When copying the listing below, skip every picture and repeat exactly the lines from the first one through the line that contains "Producto - Box".

* * * * *

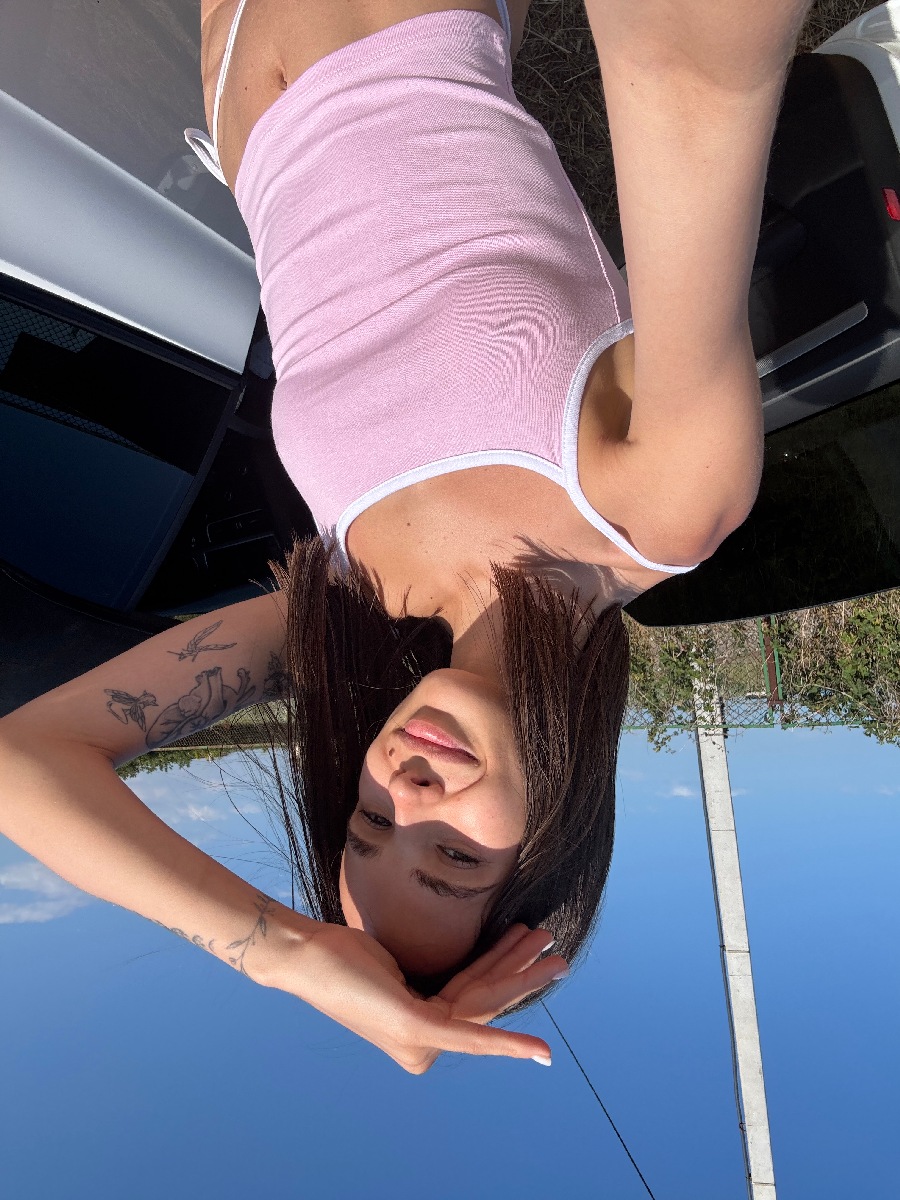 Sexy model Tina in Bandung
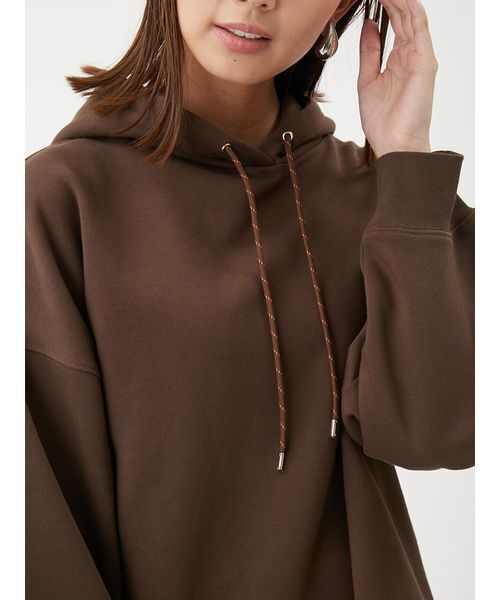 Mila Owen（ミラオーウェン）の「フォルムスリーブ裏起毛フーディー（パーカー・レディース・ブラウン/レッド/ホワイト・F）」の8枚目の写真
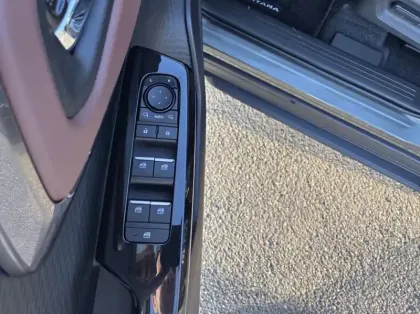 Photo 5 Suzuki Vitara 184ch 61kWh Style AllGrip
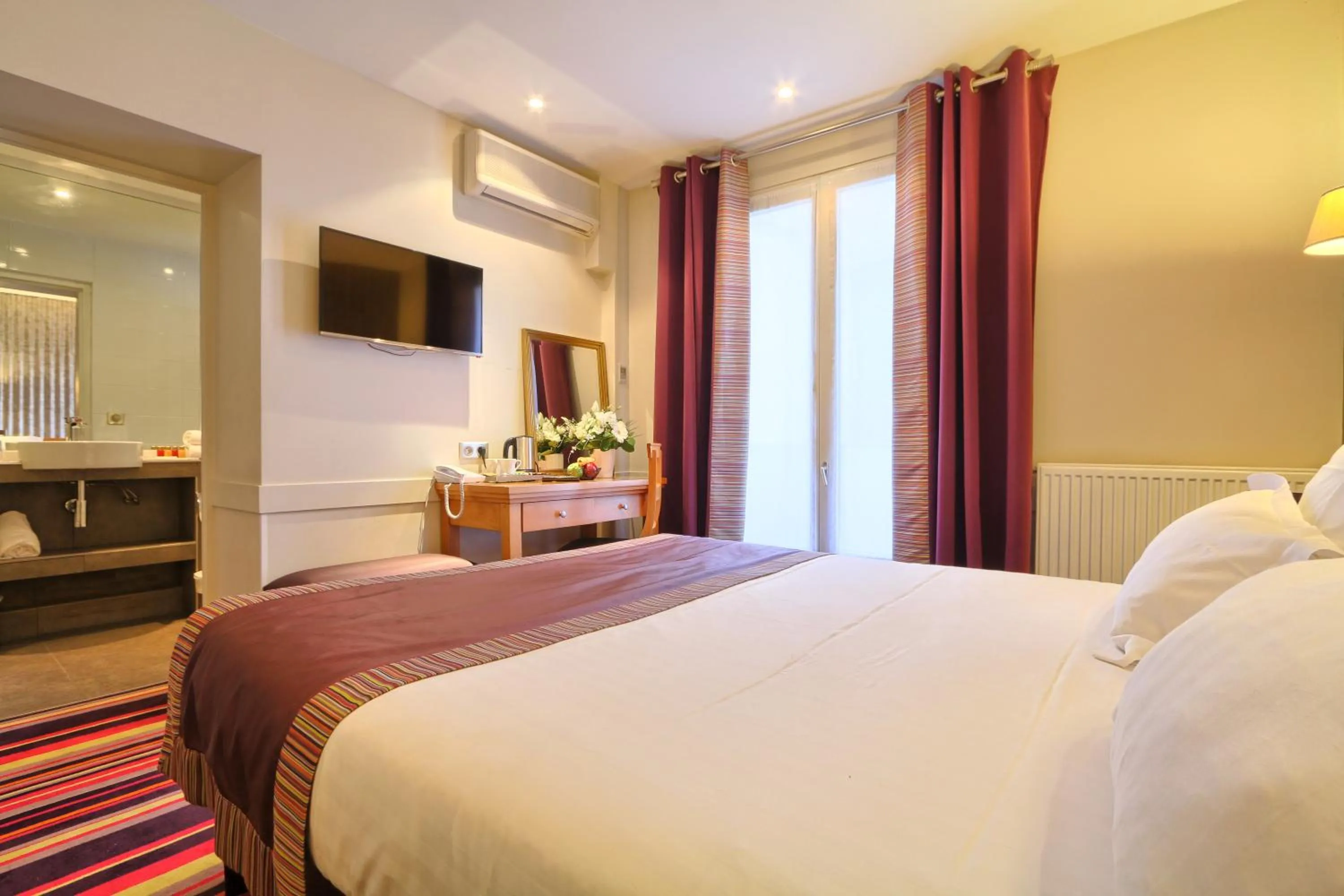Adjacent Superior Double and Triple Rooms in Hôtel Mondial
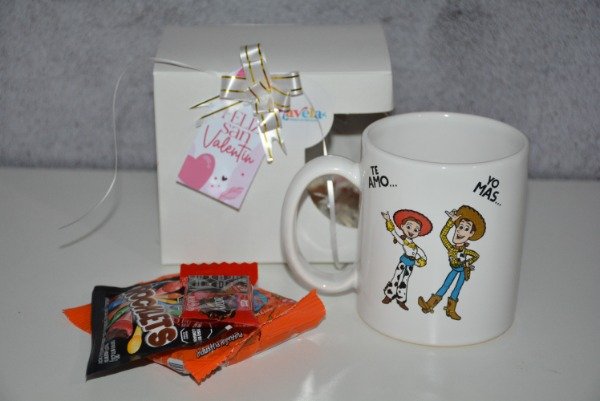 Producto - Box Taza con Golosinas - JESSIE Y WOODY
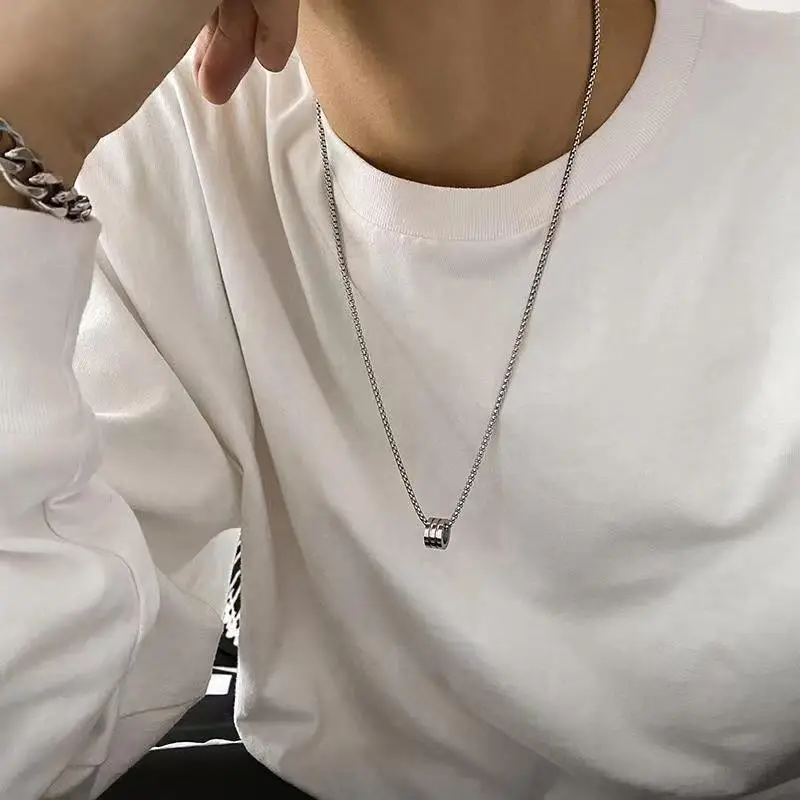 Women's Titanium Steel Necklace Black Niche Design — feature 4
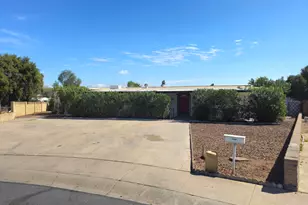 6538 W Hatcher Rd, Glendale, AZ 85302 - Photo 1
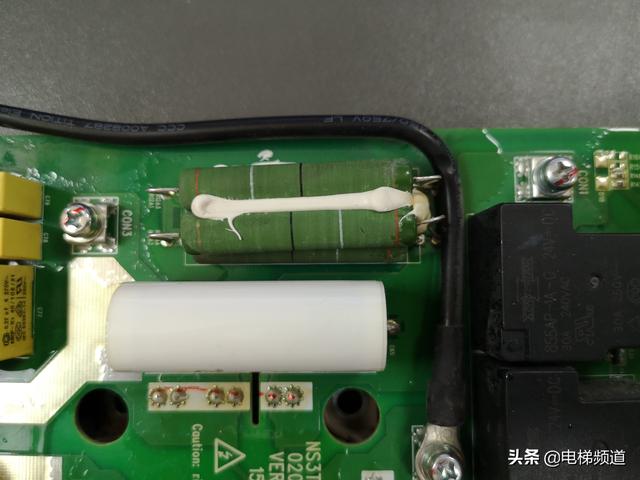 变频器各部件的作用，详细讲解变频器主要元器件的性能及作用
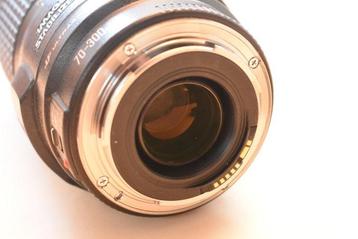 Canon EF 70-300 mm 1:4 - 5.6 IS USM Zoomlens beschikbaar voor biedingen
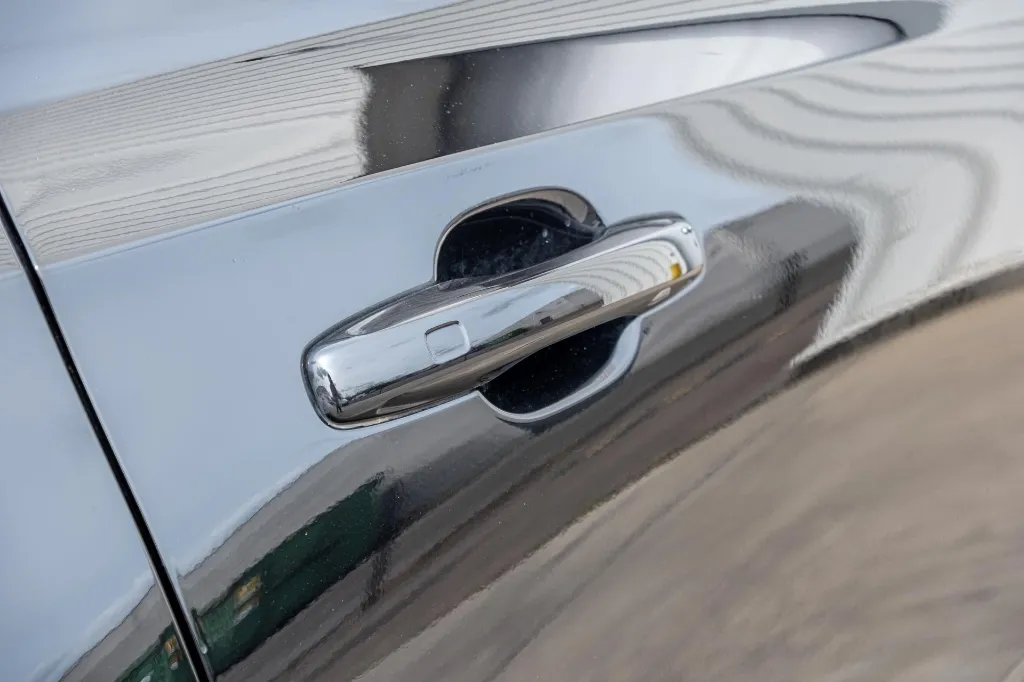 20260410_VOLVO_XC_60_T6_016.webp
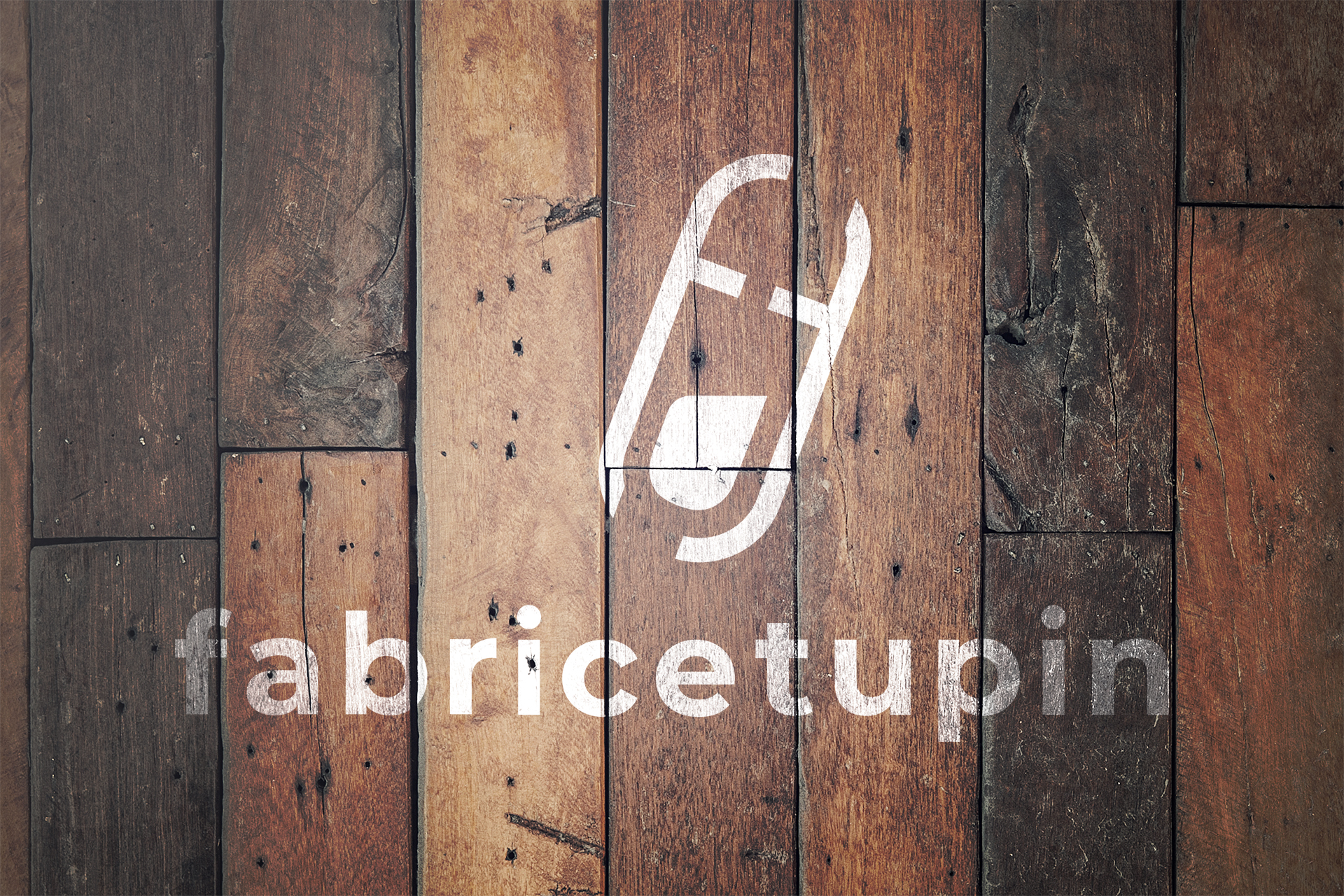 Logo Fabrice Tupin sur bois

* * * * *

Result of this task:
 Sexy model Tina in Bandung
 Mila Owen（ミラオーウェン）の「フォルムスリーブ裏起毛フーディー（パーカー・レディース・ブラウン/レッド/ホワイト・F）」の8枚目の写真
 Photo 5 Suzuki Vitara 184ch 61kWh Style AllGrip
Adjacent Superior Double and Triple Rooms in Hôtel Mondial
 Producto - Box Taza con Golosinas - JESSIE Y WOODY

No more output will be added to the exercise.